=== Aim of the exercise ===
Only the lines below between the one holding "2 поверхности головного" and the one holding "Giống lúa TBR97", inclusive, are to be reproduced word for word; the pictures are to be left out.

=== Input ===
━━━

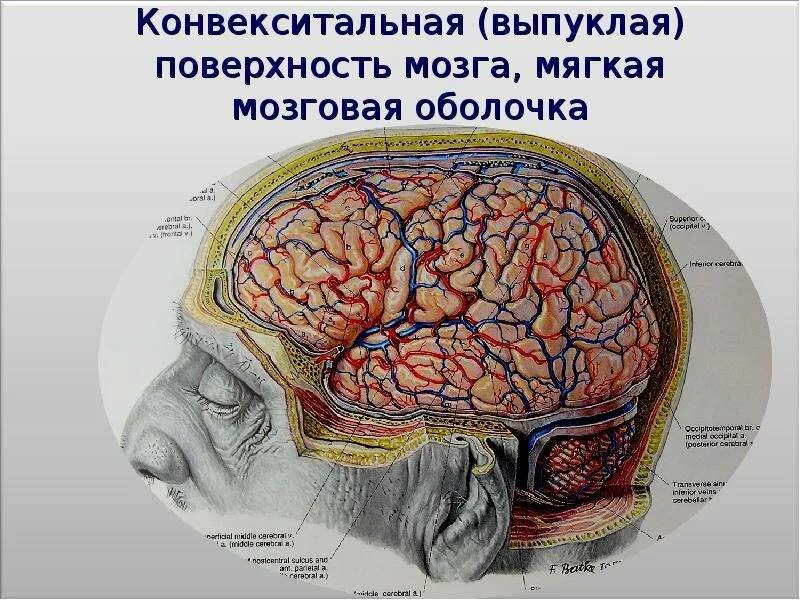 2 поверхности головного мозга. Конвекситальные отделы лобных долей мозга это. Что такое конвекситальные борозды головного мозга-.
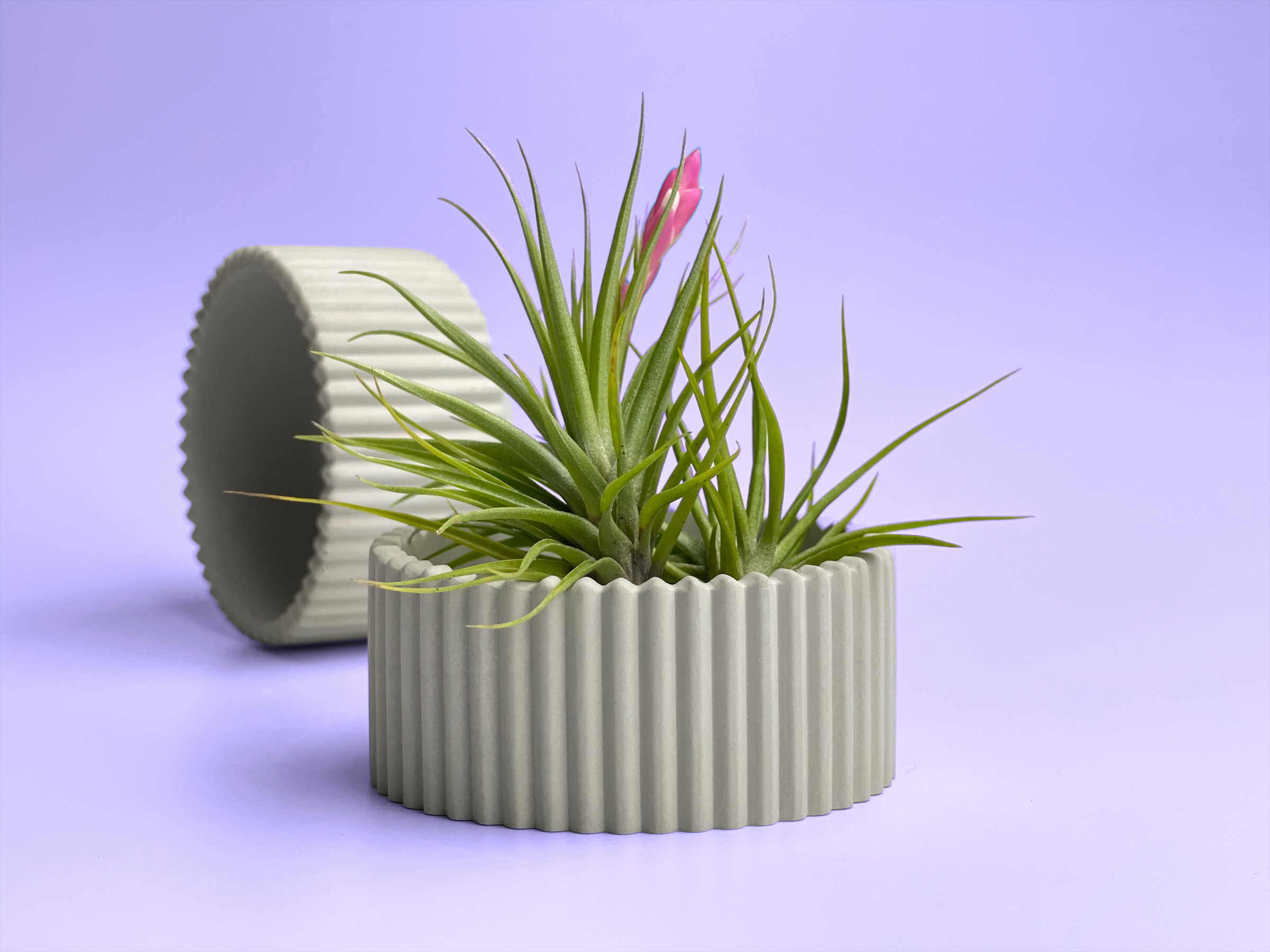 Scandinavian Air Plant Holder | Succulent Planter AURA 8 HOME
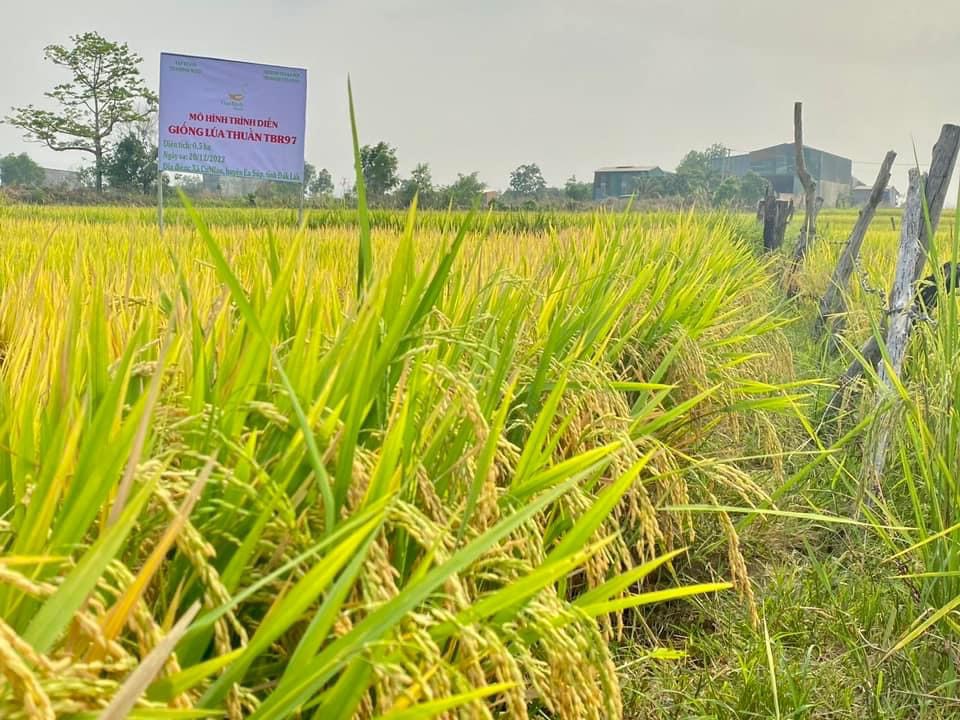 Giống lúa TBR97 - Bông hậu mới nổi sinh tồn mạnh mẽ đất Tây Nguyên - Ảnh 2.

━━━

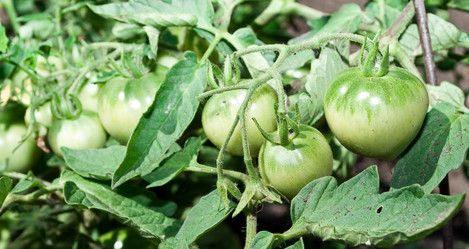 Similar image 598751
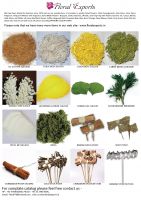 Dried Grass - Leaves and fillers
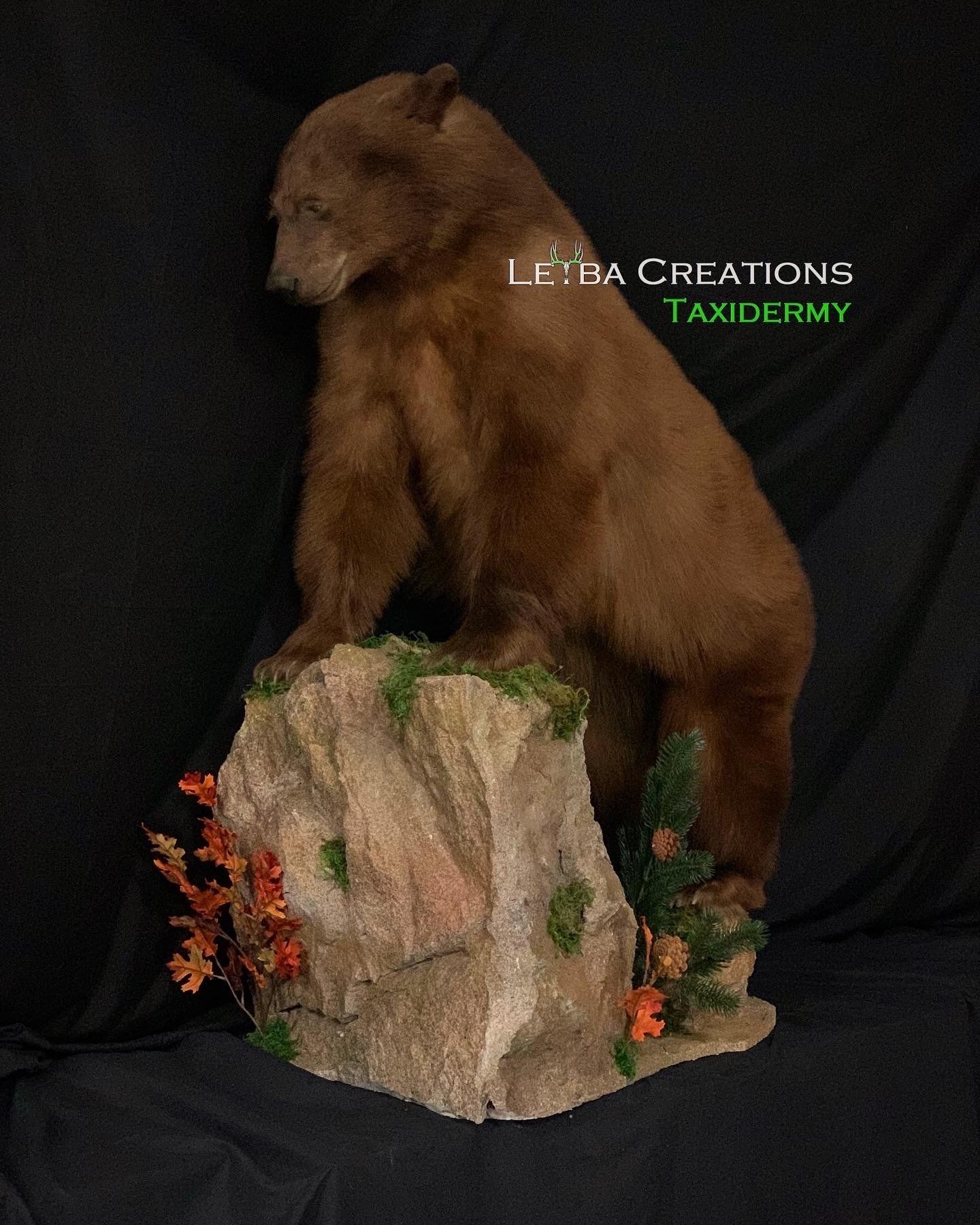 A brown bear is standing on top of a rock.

━━━

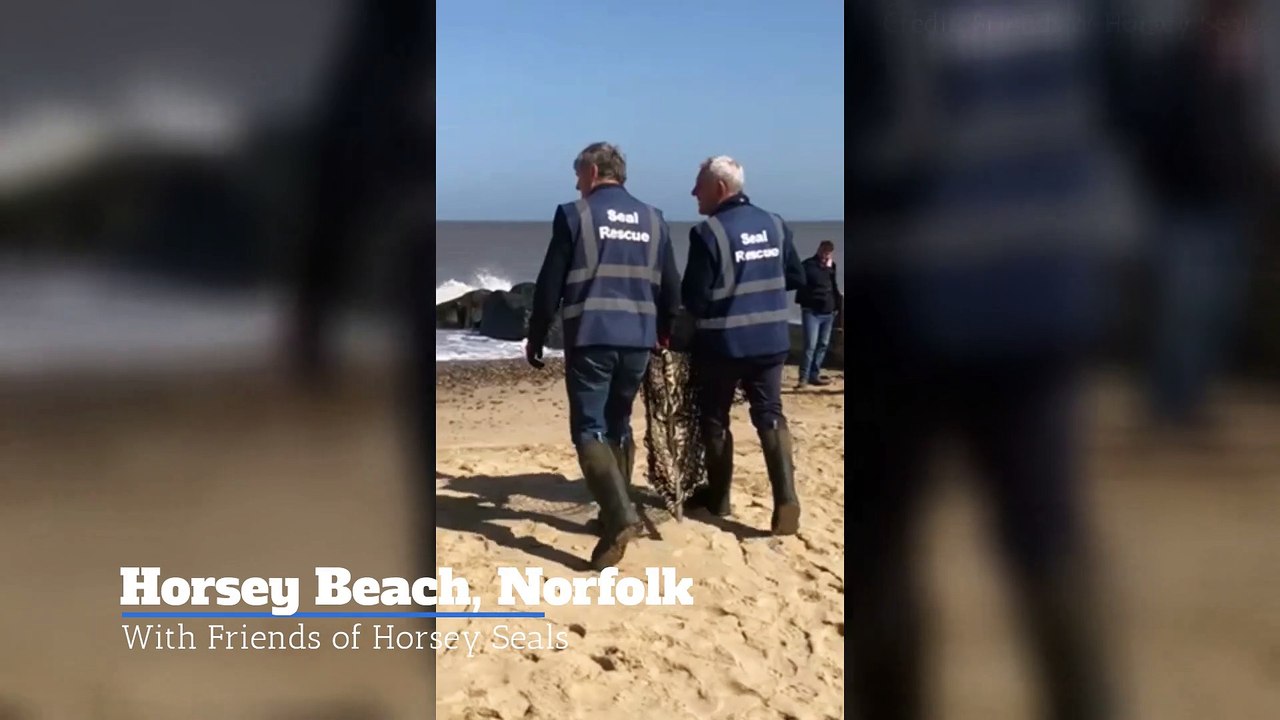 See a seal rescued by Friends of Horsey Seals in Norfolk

━━━

=== Solution for this problem ===
 2 поверхности головного мозга. Конвекситальные отделы лобных долей мозга это. Что такое конвекситальные борозды головного мозга-.
 Scandinavian Air Plant Holder | Succulent Planter AURA 8 HOME
 Giống lúa TBR97 - Bông hậu mới nổi sinh tồn mạnh mẽ đất Tây Nguyên - Ảnh 2.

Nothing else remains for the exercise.